# Cotes Cottage, Cambridgeshire. Summer & Winter!



## UrbanX (Jan 9, 2010)

I went here in the summer but didn’t think it was worth a report, but this week I went back to see the place in the snow. 

I cant find much history on the place, it just sits there in the countryside deteriorating. 

Sumer:






Winter:





Summer:





Winter:





Summer:





Winter:





Summer:





Winter:










You can see this window in photo 5, before nature burst through it, ripping the curtain to shreds:





Xmas eve, 2000





I found a bundle of confidential paperwork.
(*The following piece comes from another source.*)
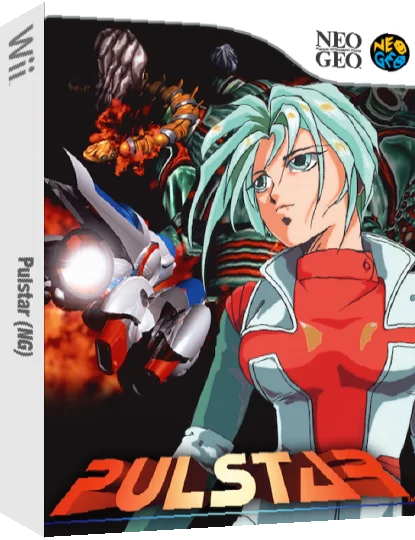 Pulstar — box-3D (WOR)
The weird thing is, I now work with the guy who this is addressed to!





Cheeky UrbanX


----------



## Foxylady (Jan 9, 2010)

Delightful cottage and fabulous pics...I love the way you've compared summer with winter shot for shot.
Very nice work, UrbX.


----------



## scribble (Jan 9, 2010)

The sofa melted


----------



## UrbanX (Jan 9, 2010)

Weird thing about that sofa....
When I first went to this site I had a nightmare that night about finding a body on the sofa, all carved up. The next day I made myself go back alone to check that nothing was there, just to put my fears at rest. I knew if I didn't I'd always have a fear of the place. 
When I walked in, alone, only 12 or so hours later I found the sofa all carved up with an axe sitting on top.  It still sends shivers down my spine thinking about it.


----------



## havoc (Jan 9, 2010)

Wow! Magnificent any chance of a FE? The Inverkip of the cottage world.


----------



## Lightbuoy (Jan 9, 2010)

A delightful little place is this! Must have been weird about what happened to that sofa. Funny, as I was watching the filml "Premonition" last night too!!! 
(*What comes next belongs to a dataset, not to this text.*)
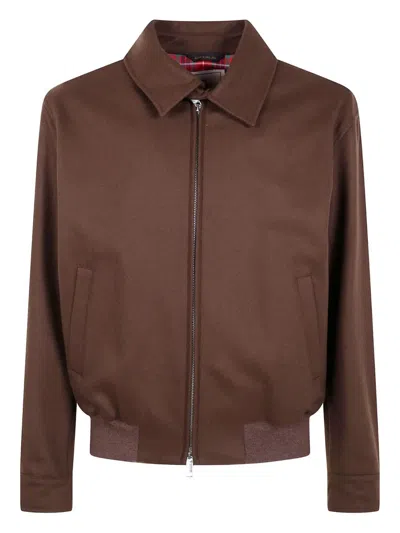 Baracuta "melton G18" Sweater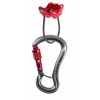 Ocun Belay Set Condor/Hurry barva anthracit/červená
Good set of snaps -cheers UrbanX


----------



## Foxylady (Jan 10, 2010)

Lightbuoy said:


> Must have been weird about what happened to that sofa. Funny, as I was watching the filml "Premonition" last night too!!!
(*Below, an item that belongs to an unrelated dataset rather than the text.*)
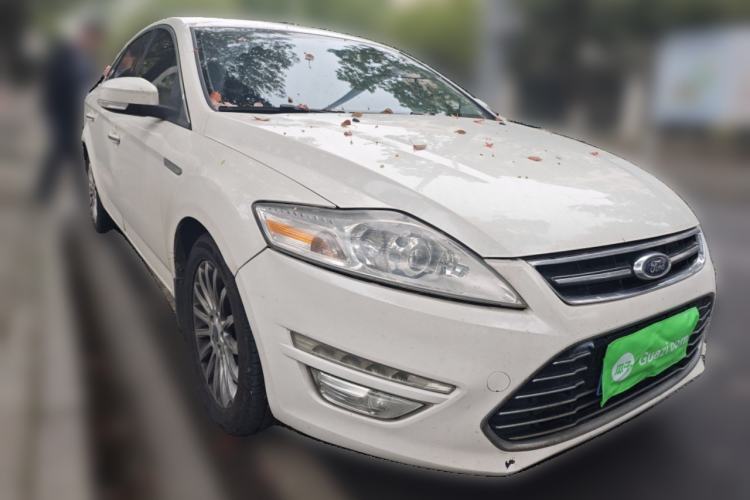 Used Ford Mondeo 2011 2.0L GTDi 200 Luxury Edition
Woooooh...this must be a possessed thread...I was watching the same film last night at the time you posted that, Lb, and only just now saw your post!


----------



## Lightbuoy (Jan 10, 2010)

Foxylady said:


> Woooooh...this must be a possessed thread...I was watching the same film last night at the time you posted that, Lb, and only just now saw your post!



Sound's like a case for Krela's most fave show....."Most Haunted"


----------



## UrbanX (Jan 10, 2010)

havoc said:


> Wow! Magnificent any chance of a FE? The Inverkip of the cottage world.



Here ya go: 
http://www.flashearth.com/?lat=52.346987&lon=0.313168&z=17.1&r=0&src=msl


----------



## scribble (Jan 10, 2010)

I will never mention sofas again.:shocked:


----------



## WhiteRabbit (Jan 24, 2010)

Some really nice photography here


----------